Vaginal discharge is probably something that's less talked about than periods. Those sex ed classes taught us about puberty and menstruation (at the very least on a basic level), but vaginal discharge has never been discussed. That may leave you wondering: Is my discharge normal? And what the hell is this stuff?

It's completely normal to have vaginal discharge; every person with a vagina produces it. Changes in vaginal discharge can even help you identify if something is wrong down there.

What is Discharge?

Vaginal discharge is a substance produced by the female reproductive system that comprises mostly water, micro-organisms and vaginal cells. The glands in the cervix and walls of the vagina are "activated" by the hormone estrogen to shed old cells and flush them out in the form of a sticky mucus.

Vaginal discharge can vary from person to person, and also depends on where you are in your menstrual cycle. Most women experience vaginal discharge at some point, but some women have it more often or in larger amounts than others.

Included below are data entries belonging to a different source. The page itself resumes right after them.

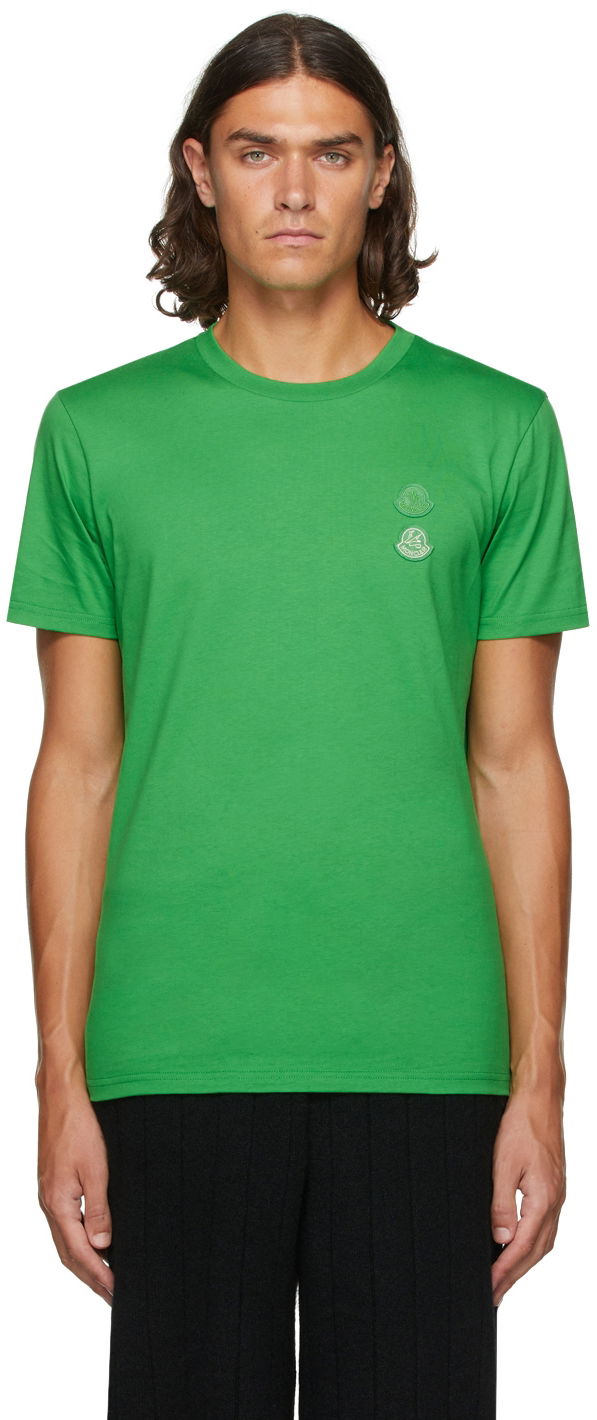 Тениска Moncler Genius 2 1952 Double Logo T-Shirt Зелено | 8C000 - 05 - 829FB, 0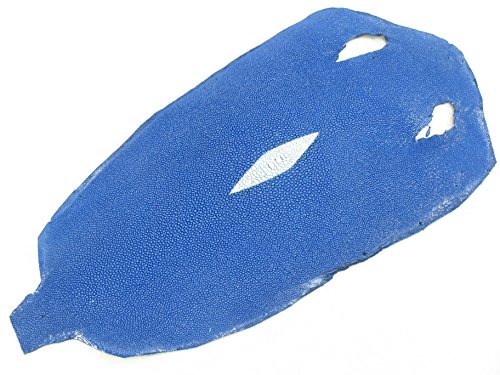PELGIO Genuine Stingray Skin Leather Hide Pelt Ultramarine Blue (7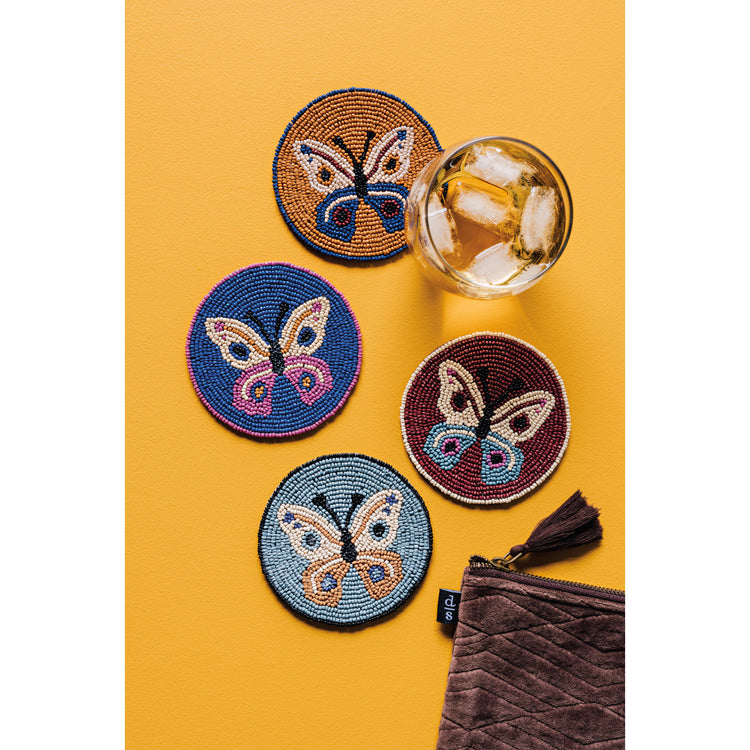 Aurora Beaded Coasters Set of 4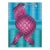 1989 Vintage Victor Vasarely the Golfer LTD Serigraph, Hand Signed Art in Turquois For Sale
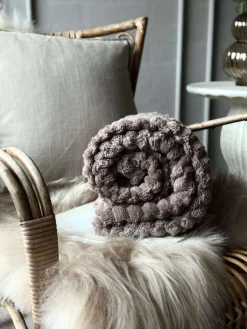 Plaid SUPER SOFT - Taupe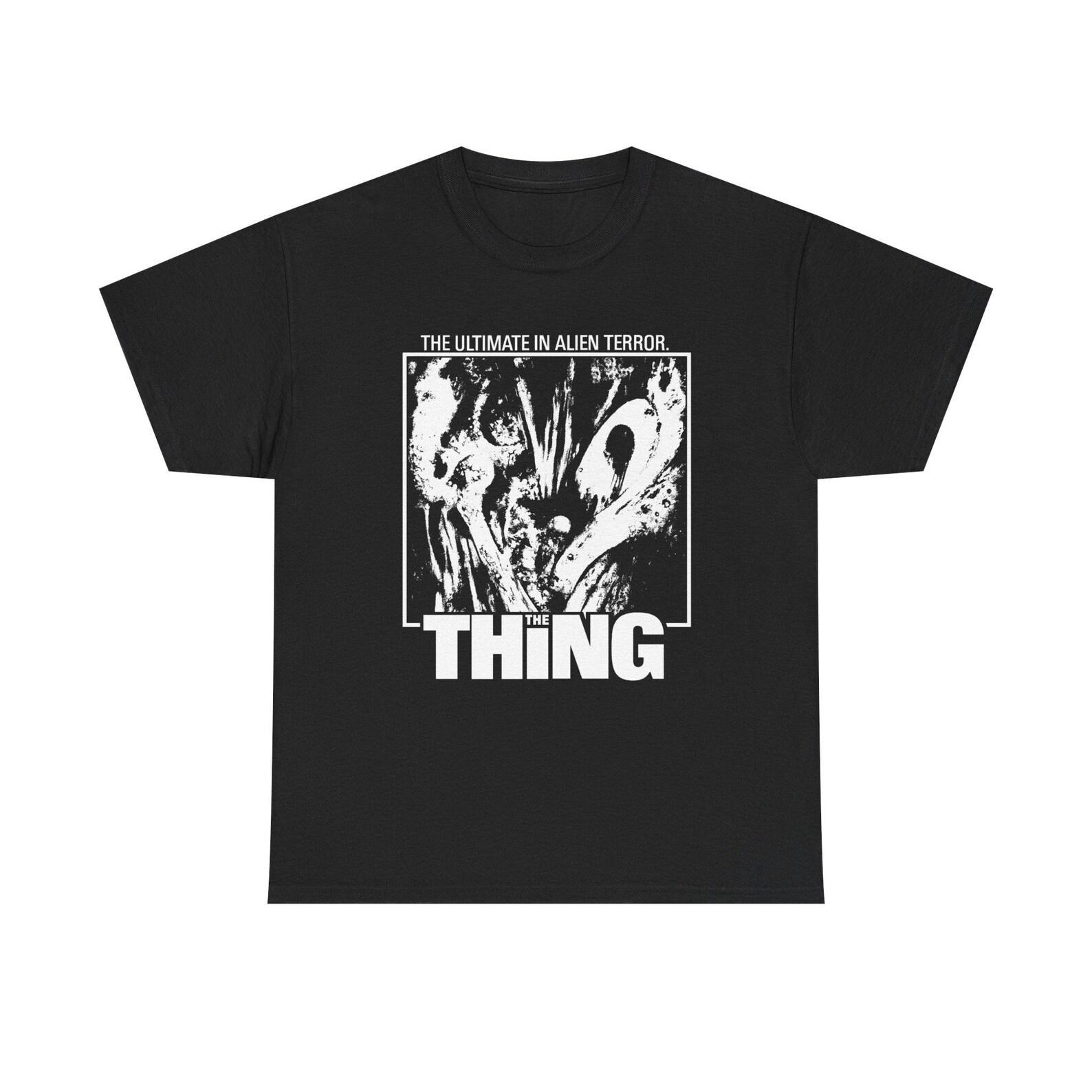 The Thing 1982 Horror Movie Shirt, John Carpenter Sci Fi Horror Tee, Vintage Cult Film T Shirt, Classic 80s Horror Shirt 150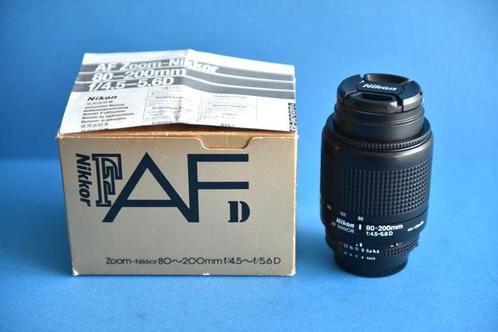 Nikon AF Nikkor 80-200mm f4.5-5.6D Ai-S + Accessoires *, Audio, Tv en Foto, Fotocamera's Analoog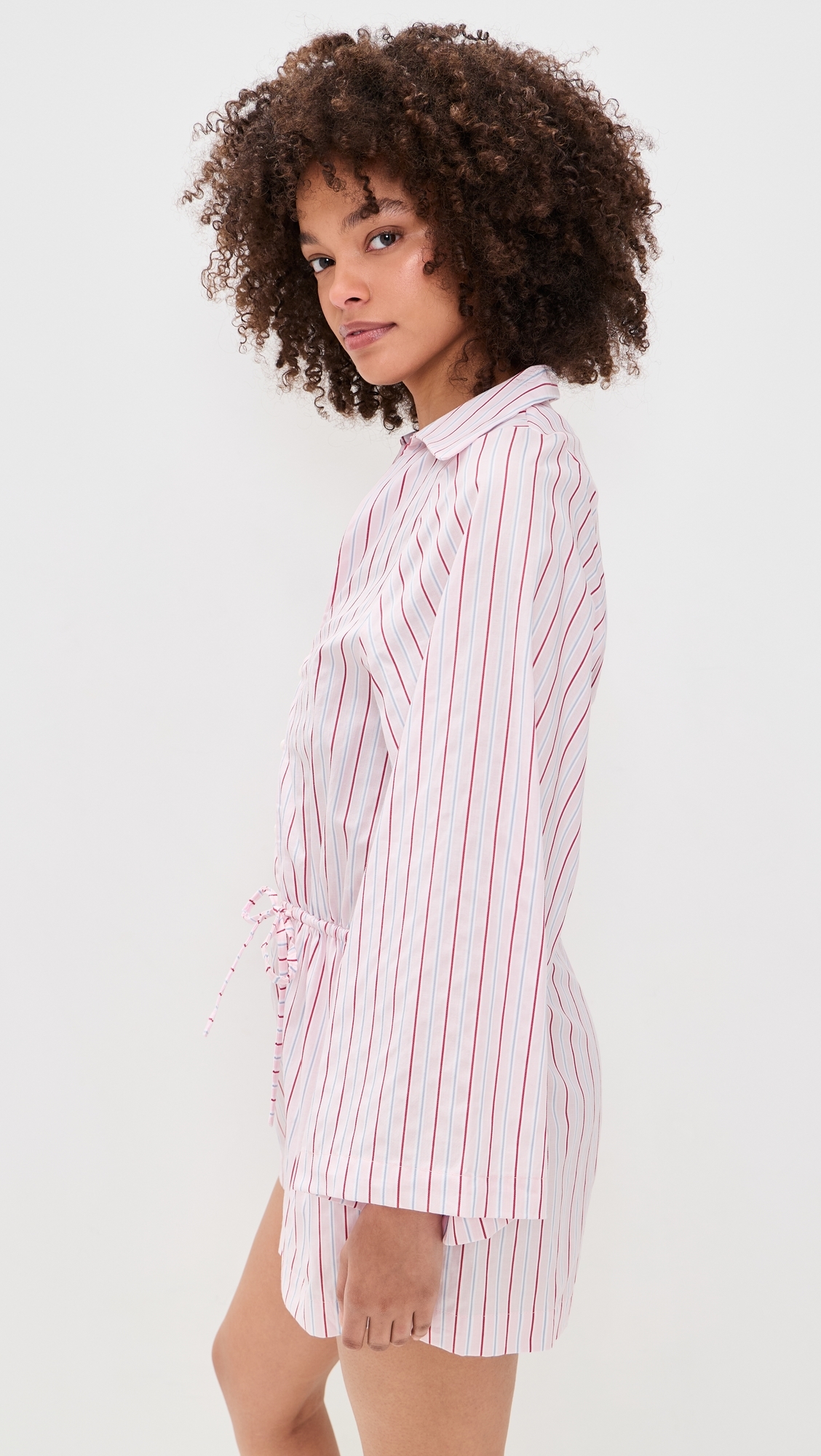 Aksel Romper Fiori Stripe Palazzo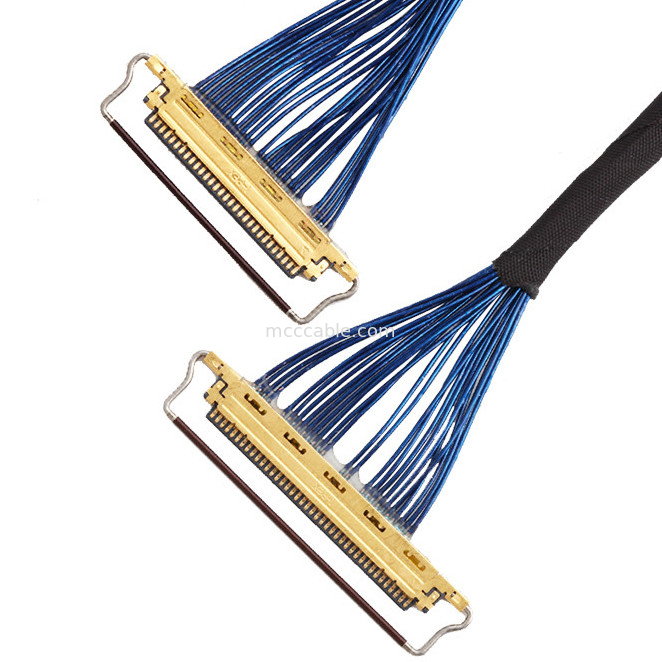 De INFORMATICAkabel  0.5mm Hoogte 20453-330t-13 van 44AWG SGC LVDS aan 20453-340t-13
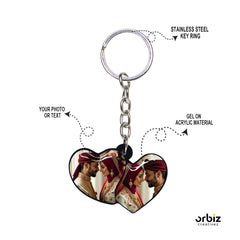 Photo Keychain - Love Shaped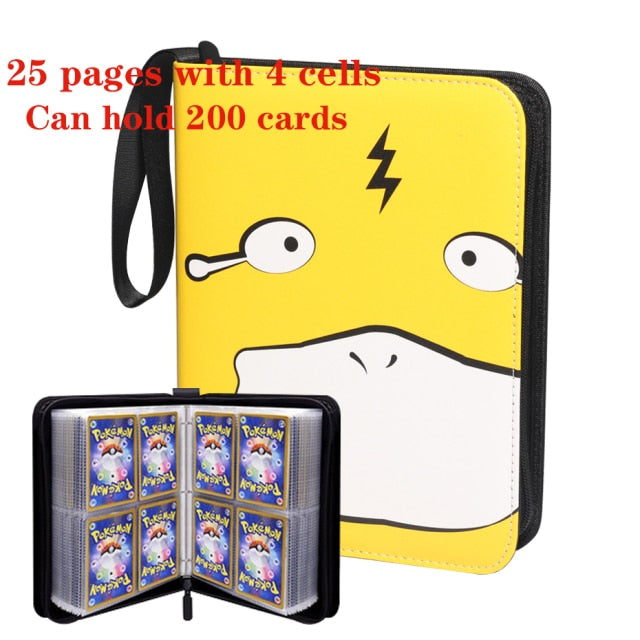 Pokemon Cards Album Book Cartoon Anime Game Card EX GX Collectors Folder Holder Top Loaded List Cool Toys Gift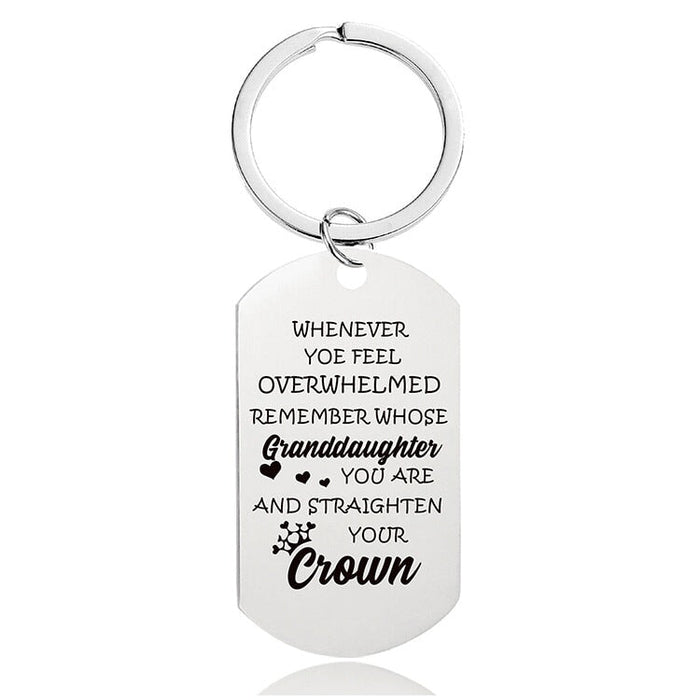 Wholesale Graduation Season Mother's Day Father's Day Metal Keychain JDC-KC-GangGu008 Keychains 钢古 W00037 Wholesale Jewelry JoyasDeChina Joyas De China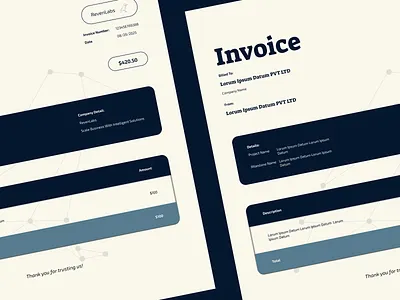 A4 Invoice Template for IT Company a4size brandidentity branding cleanui figma invoice template ui uidesign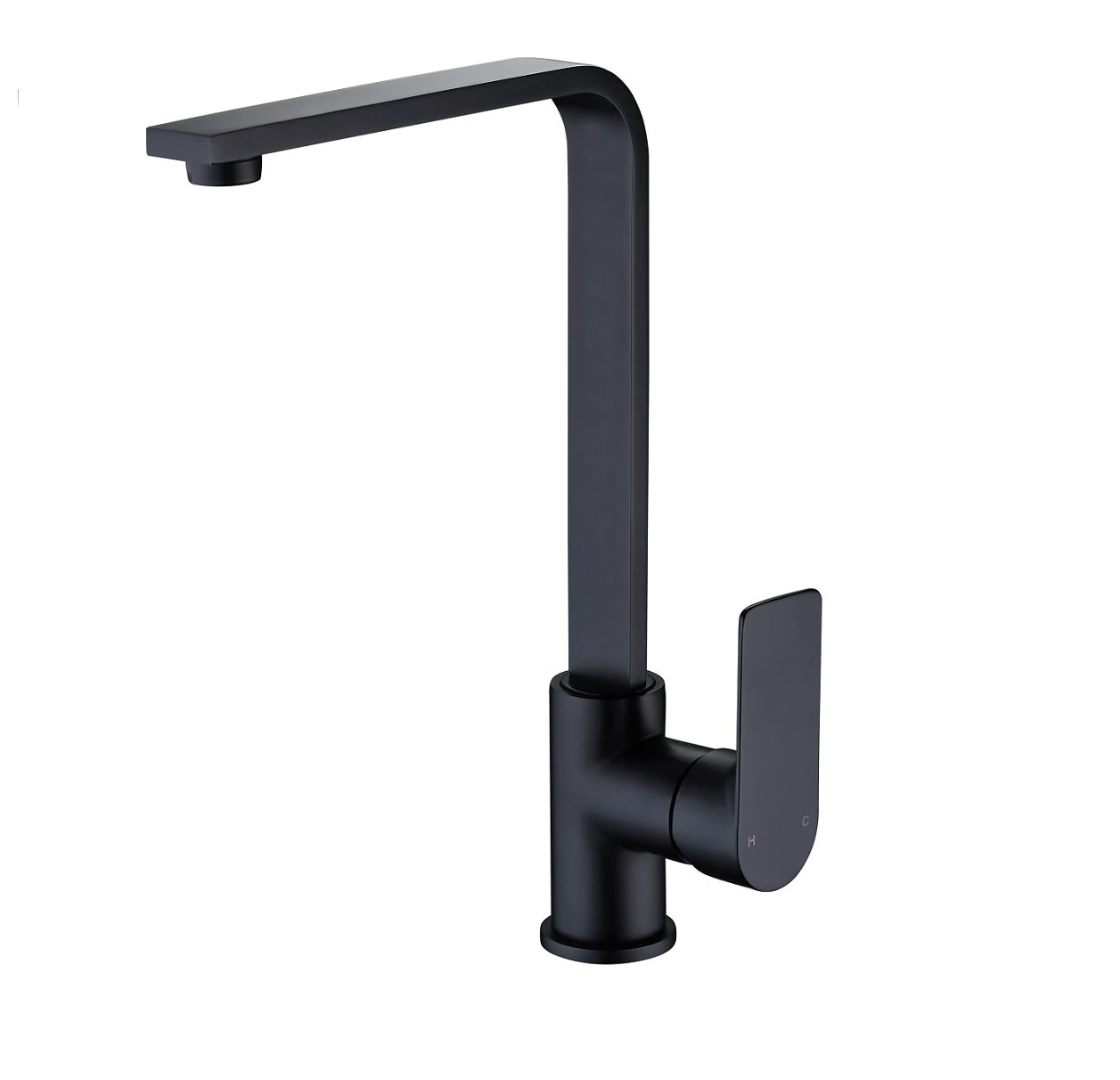 Tall Matte Black Mixer 17B-206B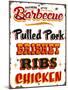 BBQ Southern-Retroplanet-Mounted Giclee Print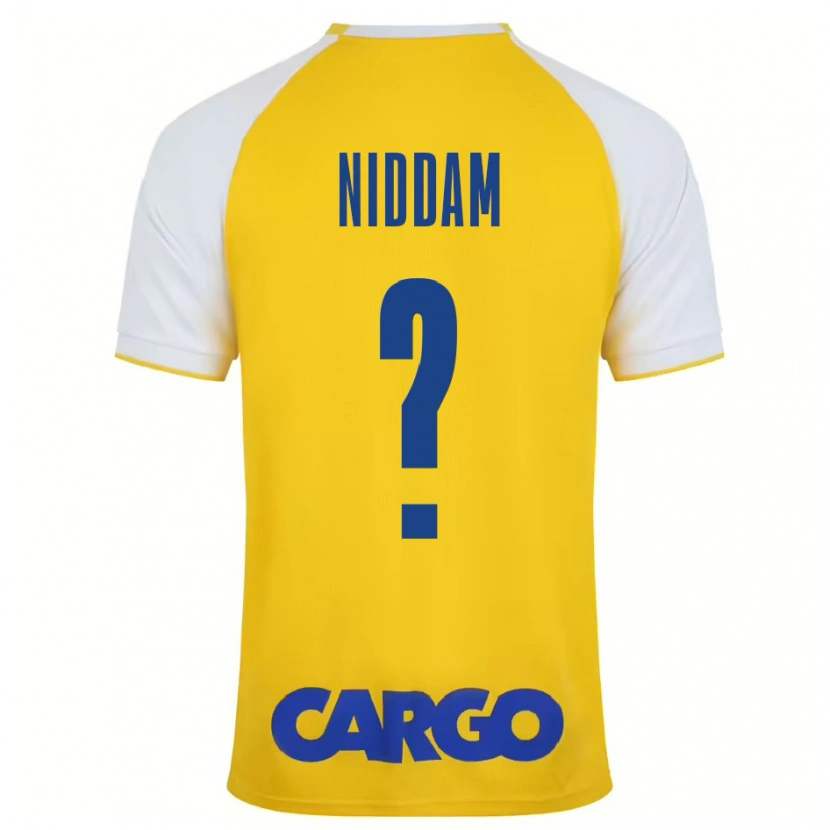 Danxen Kinder Nadav Niddam #0 Gelb Weiß Heimtrikot Trikot 2024/25 T-Shirt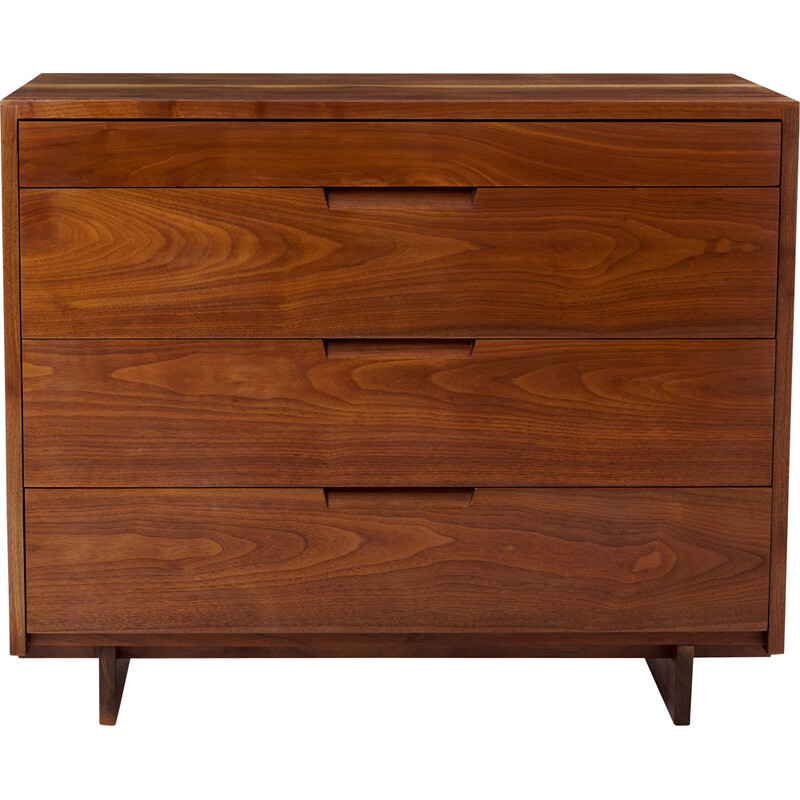 Vintage American black walnut chest of drawers by George Nakashima, 1955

What is the Purpose of Discharge?

In terms of cleanliness, your vagina is pretty low-maintenance. It has self-cleaning abilities, producing fluids that cleans up old cells and unwanted bacteria, and flushing them out of the body as - you guessed it - discharge. This helps to prevent infections and keeps your vagina clean.

Is My Discharge Normal?

Most women have vaginal discharge, but the amount of discharge produced is different for each woman. Some have a little discharge now and then; some have discharge every day. What's "normal" for you can change several times throughout your life, due to factors like pregnancy and menopause. It can also vary throughout the different stages of your menstrual cycle.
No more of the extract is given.